With Jayde Riviere back in the fold a few months still until the tournament kicks off, she is the expected starter at right back for Canada, as she usually has been the last couple of years when healthy. She is yet to play for Manchester United since joining the club earlier this year, just now coming off an injury suffered last year, but Canada will bring cover for her as well.
With Ashley Lawrence capable of starting on either side of the backline, or higher up the pitch, that opens up a spot for another full-back to make the team as depth behind Riviere and Lawrence. Allysha Chapman is expected to be part of the World Cup squad as well at left back, and would be the starter on that side if Lawrence is asked to play on the right.
St-Georges is one of the players looking to win a final spot on the roster, and will need to make a strong impression in training — or on the pitch if she gets into the France game — if she’s going to do so. The Chicago Red Stars right-back missed the club’s opening game of the NWSL season this past weekend as she was in concussion protocol after a head injury, so how involved she can be will be determined by doctors between now and the start of the camp.
She is more of an attack-minded fullback, who can also play on the right side of the midfield, so a similar profile to Riviere in that sense. Gabrielle Carle — who can play on either flank, and has played in midfield and attack before — is a more versatile option, important for an environment with such a limited squad, but St-Georges absolutely has the quality to make things happen down that right side on her day, and would be a tough omission for Priestman if it comes to that.
Jade Rose’s spot on the World Cup roster isn’t as solidified as other pieces of the Canadian squad, but her versatility and athleticism are assets that should see her make Bev Priestman’s final 23. Still, a strong April camp and a match against a top opponent is a test that could really push the young defender and continue her development into a key figure in the national team.
Rose, who made her senior national team debut in 2021, has been a part of several Canada camps of late, including the SheBelieves Cup in February and a pair of friendlies in Australia in September — one of Canada’s opponents in the World Cup group stage this summer.
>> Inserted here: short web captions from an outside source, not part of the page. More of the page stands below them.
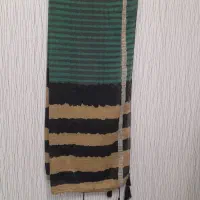 شال|لباس|تربتحیدریه, مظفریه|دیوار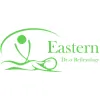 Eastern Bodywork & Foot Reflexology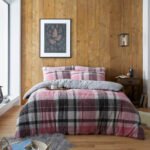 Teddy Windsor Duvet Cover - Image 27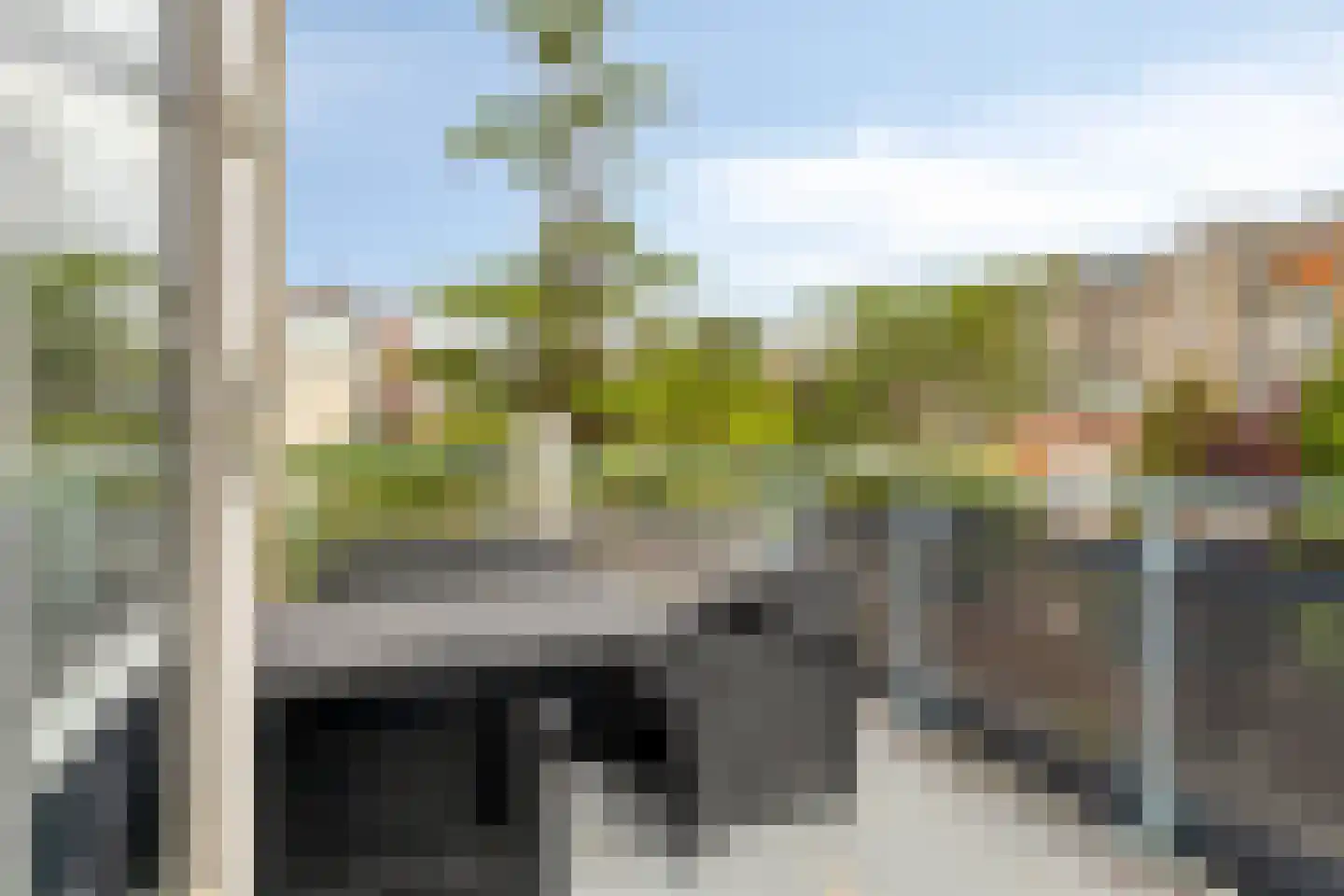 Werkzijde 35 Den Haag thumbnail 14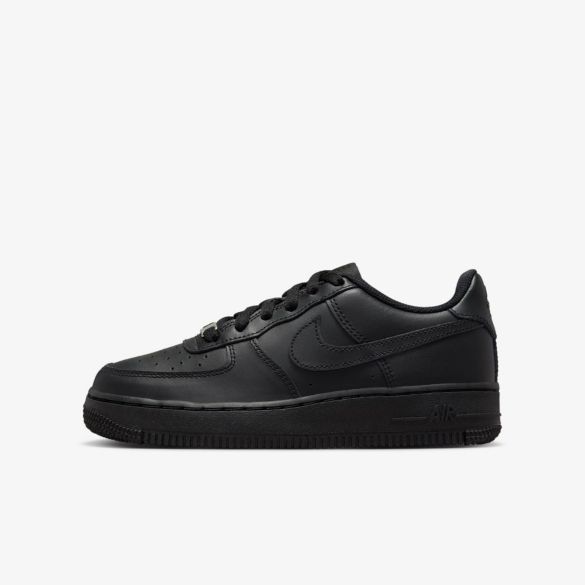 Детские кроссовки NIKE AIR FORCE 1 LE (GS)_image_45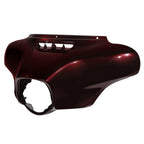 Inner Outer Fairings for Harley Electra Glide Ultra Limited (2014–2024)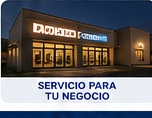 Comercial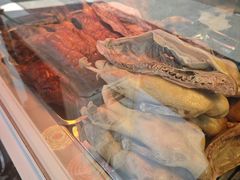 -章云板鸭(马道街店)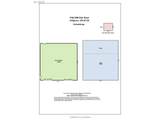 9195 Dick Rd - Photo 47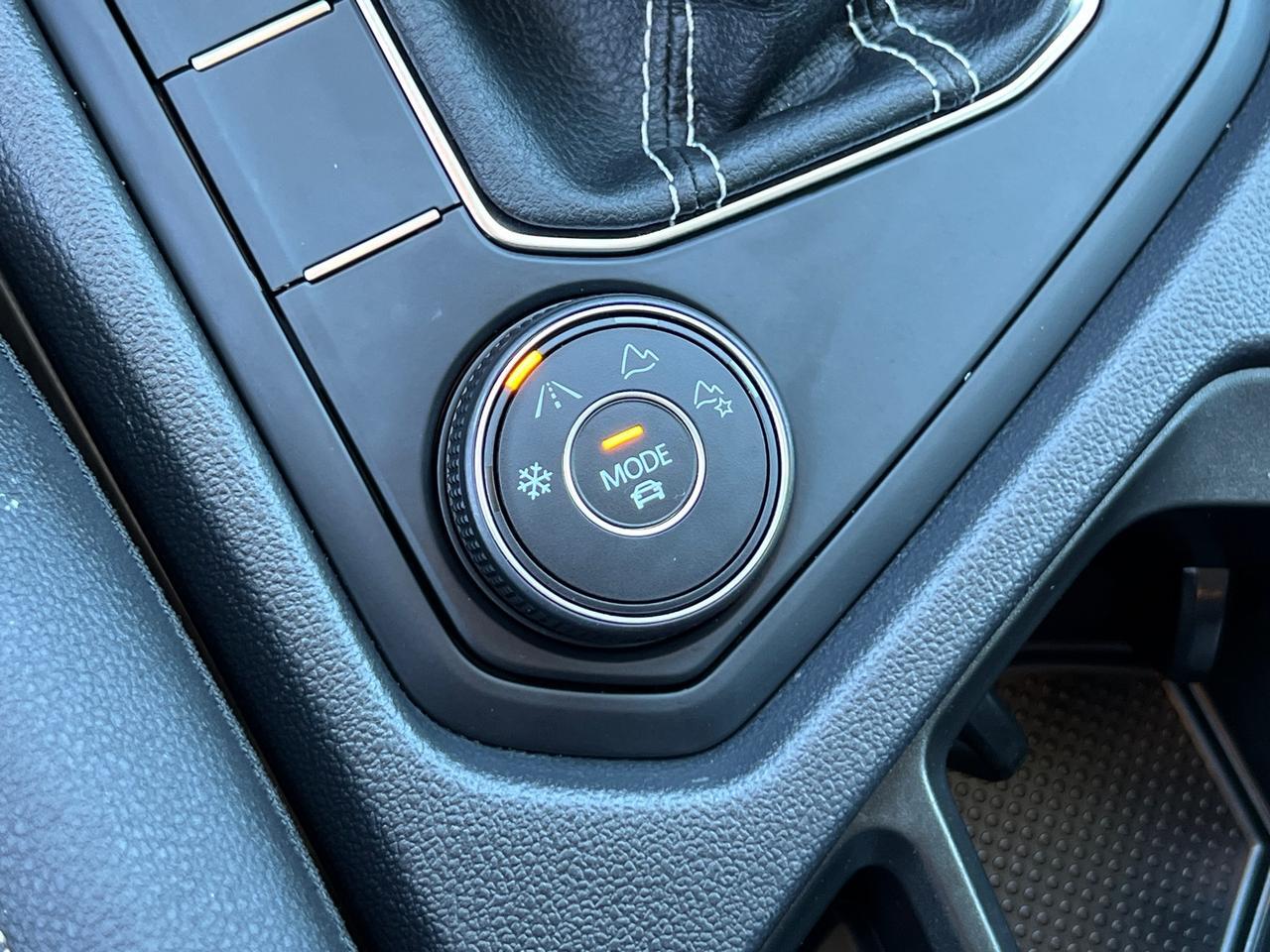 2022 Volkswagen Taos 1.5T SE Hagerstown MD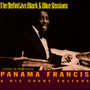 Gettin' In The Groove - Francis Panama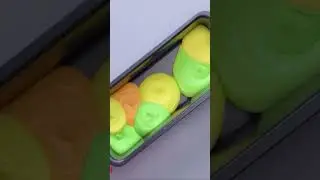 Автор истории: alex_tabak 2/2 часть 🍡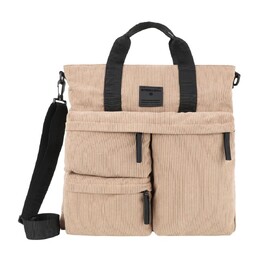 Сумка Strellson Handbag Swiss Cottage, бежевый 14140191 | beige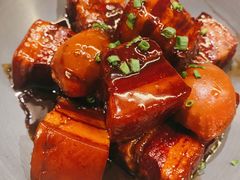 -京悦荟·京沪融合菜(漕河泾印象城店)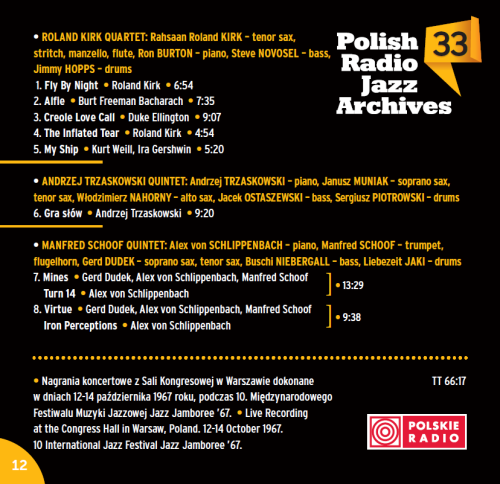 JPRA_33_tracklist.png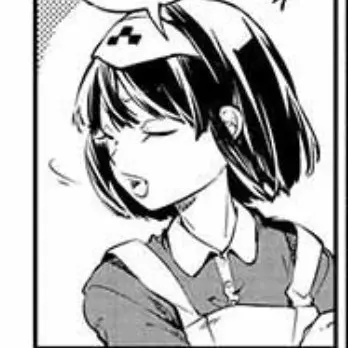 Himeme의 与よ謝さ野の 晶あき子こ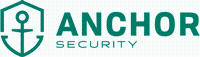 Anchor Security Services, LLC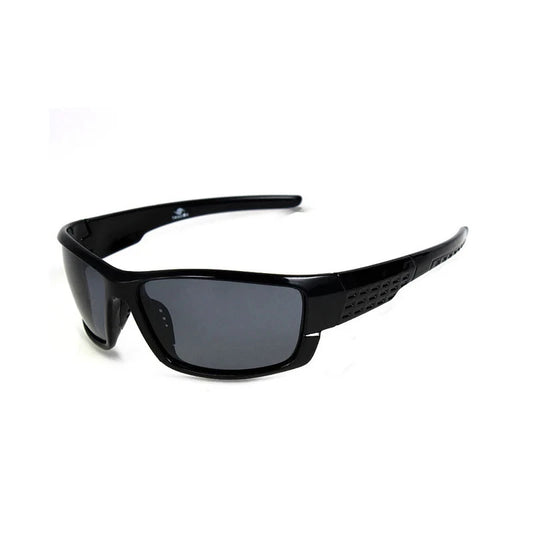 Belle&Kai Women’s Sunglasses – Stylish, Elegant & UV Protection-belleandkai.com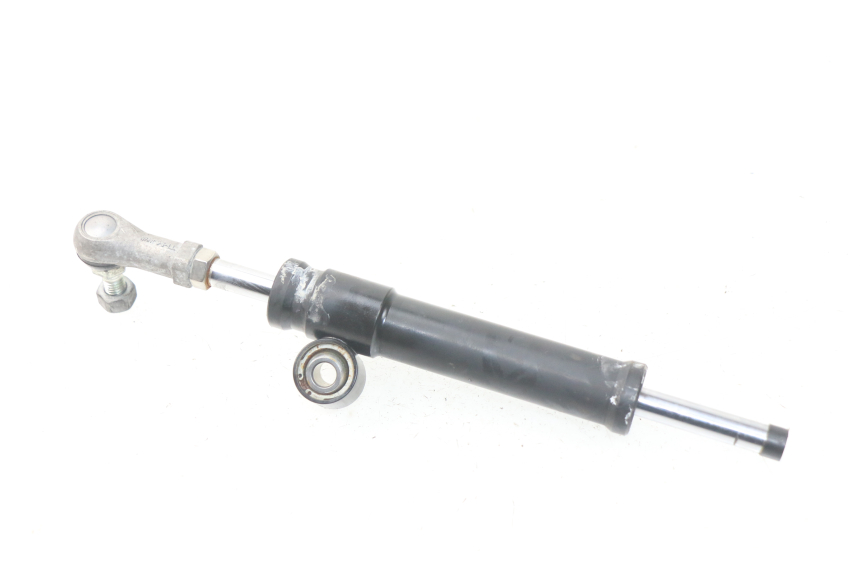 photo de STEERING DAMPER BMW S RR ABS S1000RR 1000 (2009 - 2011) - Component detail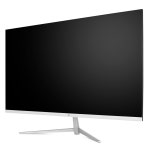 래안텍 래안텍 F3275T 75 80~81cm(32인치)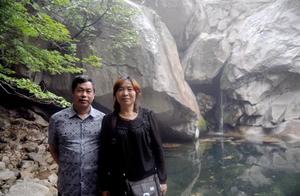 Man and Woman (54)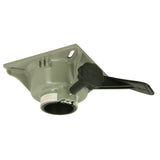 Springfield - Taper-Lock Seat Mount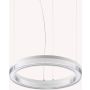 Ideal Lux CROWN 343402 Hanglamp 1x21W/LED ip20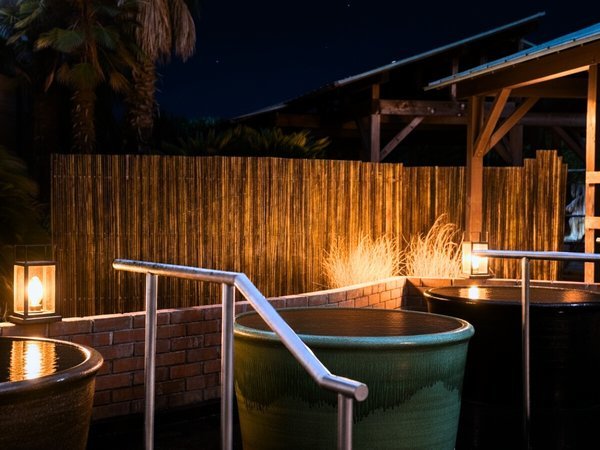 �y���m���z�m�ⓒ�n ��l�œ����ⓒ�B�S�n�悢�����ƁA����ɂЂ낪�鐯��𒭂߂āB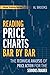 Reading Price Charts Bar by Bar: The Technical Analysis of Price Action for the Serious Trader (Wiley Trading Book 416)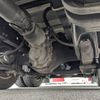mitsubishi-fuso super-great 2024 -MITSUBISHI--Super Great 2PG-FS74HZ--FS74HZ-547807---MITSUBISHI--Super Great 2PG-FS74HZ--FS74HZ-547807- image 13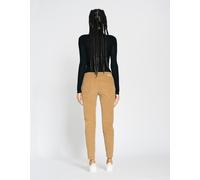 Gang Pantalon '94Amelie' camel, Taille 34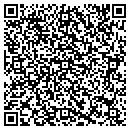 QR code with Gove Security Systems contacts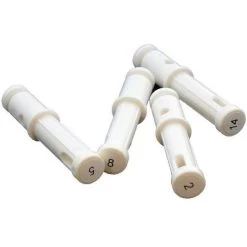 Kruse Mechanischer Schlüsselmanager Mini 11 Kruse Mechanischer Schlüsselmanager Mini -Burg Wächter Store KR SM Mini 5 pHDz5hU2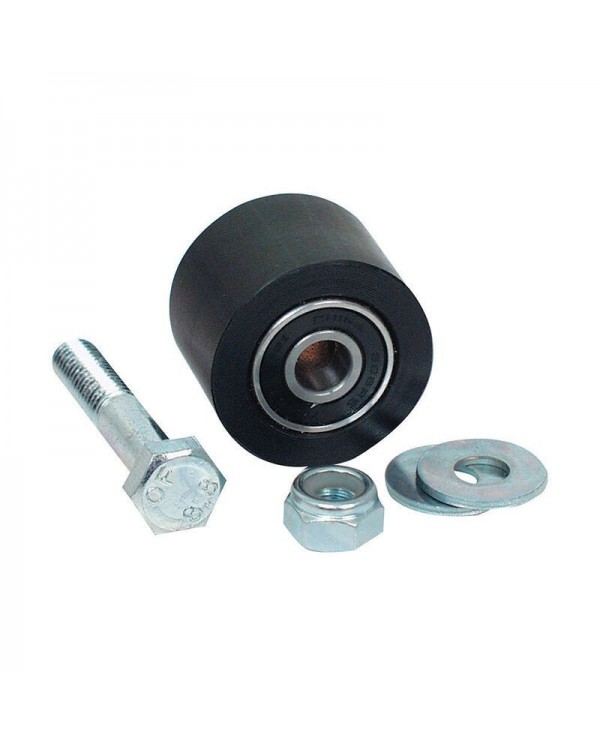 Rodillo Cadena Prox Honda CR 250 R 02-04 CRF 250 X 04-.. 34-23 mm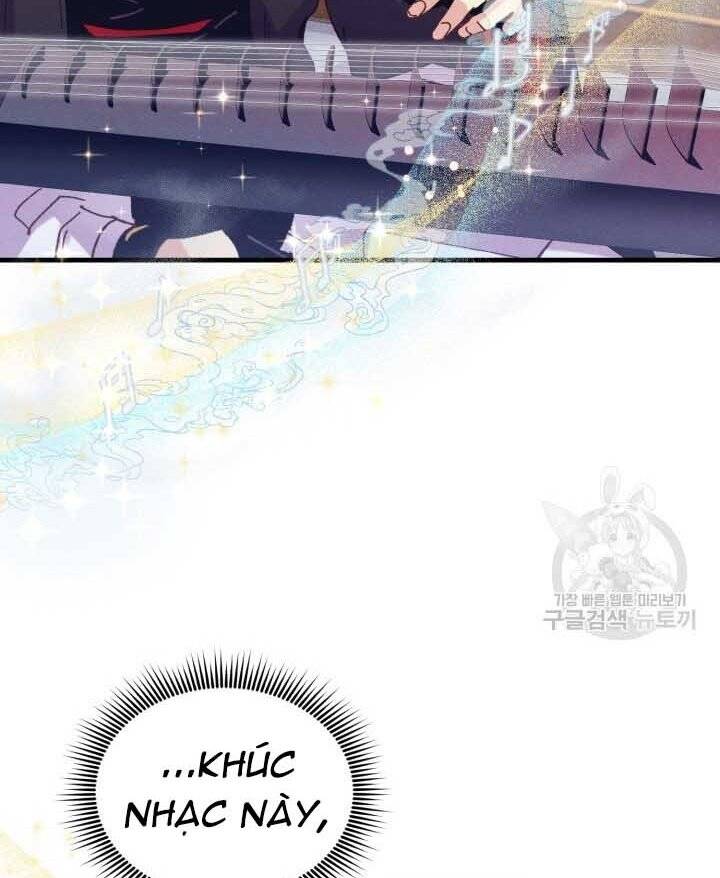 Phi Lôi Đao Thuật Chap 131 - Next Chap 132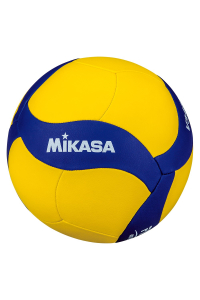 Obrázok pre Puma Orbita 4 HYB FIFA Basic Soccer Ball 84326 01 5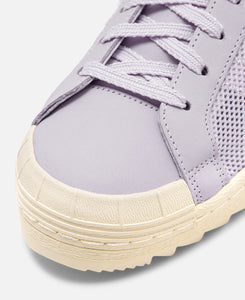 CLOT Superstar Breathe (Purple)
In the second of those two matches, Rose was tasked with defending the great Sam Kerr, and did so admirably, not fazed at all by the occasion.
The 20-year-old has been a standout in her first two NCAA seasons at Harvard University, winning the Ivy League Defensive Player of the Year this past fall and being named an Ivy League First Team All-Star. She is also a two-time Canadian Young Player of the Year award winner, in 2020 and 2021.
Rose could be a key part of the Canadian women’s national team for many years to come. She’s a shutdown defender, but also has the ability to play as a defensive midfielder or as a right back — showing an impressive ability to get down the line and create strong partnerships with the wingers in front of her. She also has an eye for a pass, and if she can once again show what she can do in this April camp, Rose should start packing her bags for the World Cup.
Throughout the SheBelieves Cup in February, three of Canada’s key strikers — Jordyn Huitema, Adriana Leon and Evelyne Viens — were given opportunities to start one of the matches up top, and all three of them failed to make a big enough impact in the tournament to really lock themself in as a starter.
The attention now turns to this camp. All three of them are almost locks to be on the plane to Australia and New Zealand, but the competition for who gets the starting job will need to be decided — if Priestman doesn’t just opt to rotate them again.
Huitema, who has already scored 15 goals for Canada in 63 appearances by the age of 21, is the player with the highest potential of those three, but hasn’t consistently shown it thus far in her career. Of those goals, none of them have come against teams considered “tier one” opponents — the best teams in the world — and nine of them came in just two matches, four in a 2018 CONCACAF Women’s Championship match against Cuba, and five in a 2020 Women’s Olympic Qualifier against Jamaica.
The friendly against France is as good an opportunity as any to show that she can win that spot up top and make it her own. Not selecting her for the original 18-player roster at the Olympics in 2021 was a bit of a challenge and a wake-up call from Priestman, and while Huitema did up being a part of that team as the rosters got expanded to 22 players, she will be keen to impress over the next few weeks and leave no doubt who should be the starting striker.